#### Exercise directions
Every line of the material is to be set down exactly as written.

#### Collected material
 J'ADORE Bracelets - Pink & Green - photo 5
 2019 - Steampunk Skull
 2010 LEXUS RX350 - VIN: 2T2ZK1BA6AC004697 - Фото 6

#### Answer to this exercise
 J'ADORE Bracelets - Pink & Green - photo 5
 2019 - Steampunk Skull
 2010 LEXUS RX350 - VIN: 2T2ZK1BA6AC004697 - Фото 6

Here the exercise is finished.